Prof. Dr. Abdul Mu’ti menambahkan banyak legasi atau warisan dari Profesor Malik Fadjar selaku Menteri Agama RI dan Menteri Pendidikan dan Kebudayaan RI mengenai agama dalam sistem pendidikan nasional, beliau telah berhasil melakukan reformasi pendidikan Islam yang semulanya indigenous mengalami transformasi menjadi lembaga pendidikan unggulan yang modern. Banyak terobosan beliau lakukan, antara lain: lulusan pesantren dan madrasah yang tidak memiliki ijasah negeri dapat melanjutkan ke perguruan tinggi agama Islam negeri. Kebijakan tersebut memiliki setidaknya tiga makna, yakni: (1) mengakui eksistensi kelembagaan pesantren dan madrasah; (2) mengangkat harkat lembaga pendidikan pesantren dan madrasah; dan (3) memperluas kesempatan bagi alumni pesantren dan madrasah menempuh jenjang pendidikan tinggi, berprestasi dan berkarir dalam berbagai bidang. Sebelum Mendikbud RI membuat kebijakan Program Studi di Luar Domisili, bapak Malik Fadjar lebih dahulu membuat terobosan kelembagaan (multicampus) pendidikan tinggi, beberapa Institut Agama Islam Negeri (IAIN) memiliki fakultas cabang yang secara geografis berlokasi sangat jauh, seperti IAIN Syarif Hidayatullah Jakarta memiliki fakultas cabang di Pontianak Kalimantan Barat, dan dalam rangka meningkatkan kualitas perguruan tinggi Islam, fakultas cabang menjadi Sekolah Tinggi Agama Islam Negeri (STAIN), setelah beberapa tahun status STAIN berkembang menjadi IAIN dan Universitas Islam Negeri (UIN).
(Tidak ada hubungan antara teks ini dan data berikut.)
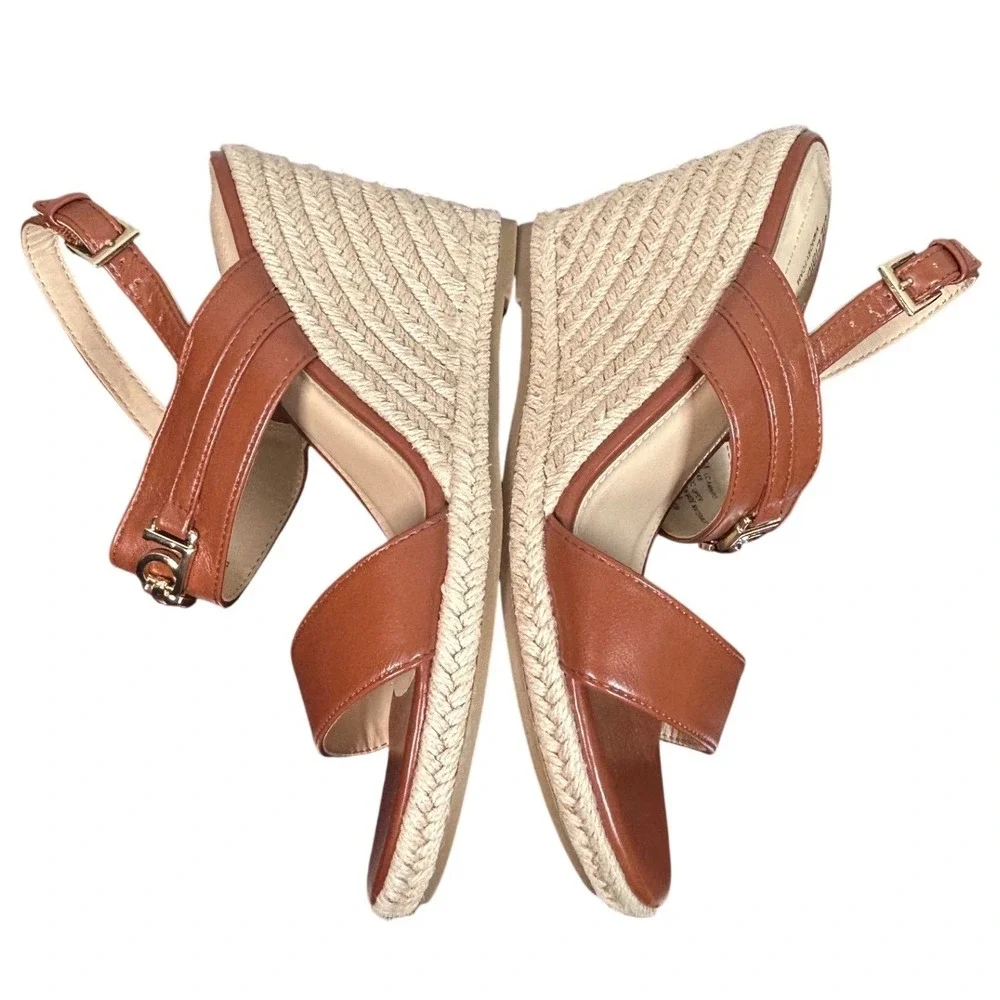 Liz Claiborne liz claiborne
Warisan lainnya dari bapak Malik Fadjar berperan penting dan terlibat langsung dalam penyusunan UU Sistem Pendidikan Nasional No. 20/Tahun 2003, khususnya dalam kontek kurikulum dan kelembagaan Pendidikan Agama Islam (PAI), yakni: penguatan pendidikan agama (pasal 12 ayat 1a, menyebutkan “peserta didik pada setiap satuan pendidikan berhak mendapat pendidikan agama sesuai agama yang dianutnya dan diajarkan pendidik yang seagama”.
Atas jasa-jasanya, eksistensi pendidikan keagamaan termasuk pesantren semakin kuat ke dalam sistem pendidikan nasional setelah diperkuat melalui PP NO. 55 Tahun 2007 tentang Pendidikan Agama dan Pendidikan Keagamaan dan UU No. 18 Tahun 2019 tentang Pesantren, dikutip dari Republika, 12 September 2020.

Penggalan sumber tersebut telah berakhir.